My config is below. If I enable MLAG across the SFP+1 ports, it connects but no VLAN1 traffic flows across so with my ethernet connection to one of them, I get disconnected from the other both by IP and winbox. If I connect Ether24 as an additional link, STP fails to block ports and it loops taking out the entire network and everything connected to it. If I remove the MLAG config, STP still fails (on connection of additional Ether24 link) like this until I reboot the switches. Layer3 HW-Offload is disabled and I’m using RSTP (although MSTP has been allowed in this release but if anything makes it worse). Am I missing something fundamental or is this very broken?!
But the PVID of your MLAG port has to be a different VLAN. You’re tagging VLAN 1 across what I assume is supposed to be your MLAG port (your MLAG line is missing), and that won’t work.

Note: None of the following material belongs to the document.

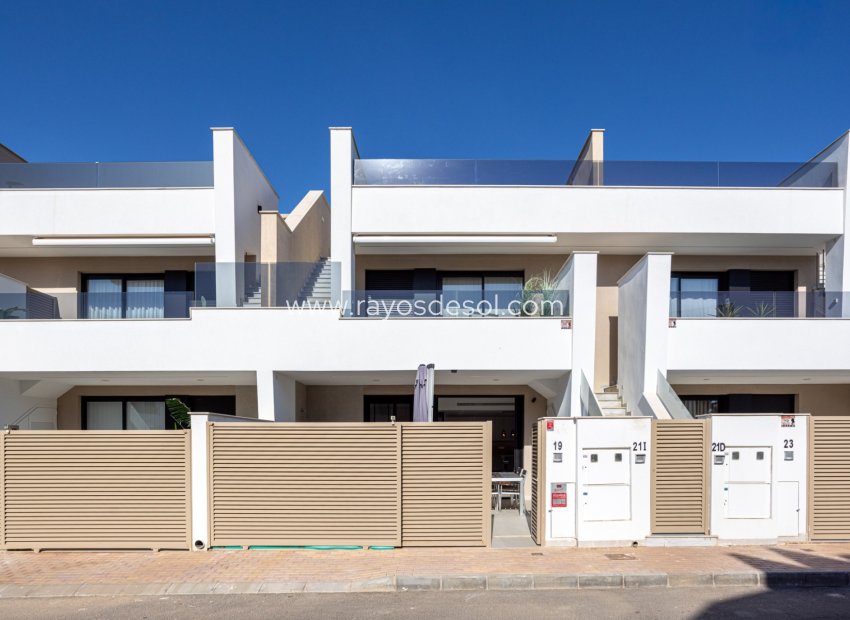 Reventa - Apartamento / piso - San Pedro del Pinatar - Las Esperanzas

Here is the relevant (scrubbed) config from one of my working MLAG setups with a CRS312 and CRS354 in the lab. This has two MLAG-enabled bonds to other devices, a CCR2116 and a pair of CRS317’s configured as another MLAG stack in my networking core.
I’m using an LACP bond between the two, but with only one port in the bond for now. A bond isn’t necessary, of course, but configuring it this way means I can add or change ports to the bond without changing the rest of the MLAG config.)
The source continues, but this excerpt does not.